私たちがセブに移住後は日本の住所として両親の家を指定させてもらうことにし、住民票を実家に移しました。この作業を後回しにすることはできません。新しく開設する銀行口座も、期限が切れていて取り直すパスポートも、子どもたちの学資保険や私たちの年金保険関係も住所が必要です。

でも、住所を変更したことで面倒は増えました。間もなく使わなくなる日本の運転免許証の住所変更が必要で、そのために警察に行かなくてはなりませんでした。また、もう使っていない銀行口座を閉鎖するためにも、まずは住所変更申請書を書かなくてはならず、作業が倍になりました。

服の発送

服を海外に発送するかは、送料が安くないので迷いました。でも、移住後すぐの忙しい時期に、我が家の場合は子ども三人それぞれに購入する時間を節約できると考えて発送することにしました。常夏の地なので、夏服だけを選んで段ボールに詰めました。費用節約のため郵便局の「船便」を選択しました。

ところが郵便局の船便は、郵便局のサイトに書かれていたより3倍も時間がかかり、2014年時は到着に3か月かかりました(2021年2月に北海道から発送した荷物は航空便を選び、10日後に着くと書かれていたが40日後に到着)。サイトに書かれているのはフィリピンの首都マニラ宛の日数のようで、そこからセブに来るのに時間がかかります。

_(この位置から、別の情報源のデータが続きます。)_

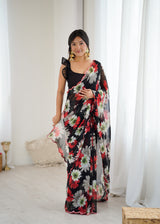 Georgette Silk Printed Saree with Mirror Work Border & Blouse Piece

そのため、子どもたちが移住日に着用していた服と、スーツケースに入れていた数枚の着換えではすぐに足りなくなり、相当数を結局は購入せざるをえませんでした。また、就学前の子どもは大きくなるのが早いので、届いた服は既に少し小さくなっていてもったいないことをしました。

車の処分

日本で車を所有していた我が家は、自動車税を年一括払いの口座引き落としにしていました。移住を決めた後、すぐに手続きすれば引き落とされずに済んだものを、すっかり忘れていたため、車の処分直前に向こう一年分の税金が引き落とされてしまいました。

車を引き取ってくれた業者さんが、11カ月分の車税を現金で還元してくれたので助かりました。

まとめ

ご家庭によって海外移住に必要な準備は大きく異なるでしょう。移住完了までにやらなくてはならないことを事前にピックアップすることも大変な作業です。

まずは思いつくものだけを書き出して冷蔵庫に貼っておいたり、ご夫婦で共有のネット上のデータなどに置いておくと良いと思います。ふとした瞬間に追加作業が思い浮かびますので、どんどん追記していきましょう。

当初は全て終わるのが想像できないほどの量になるかもしれませんが、ご自身の目的や夢に向かって頑張っていきましょう。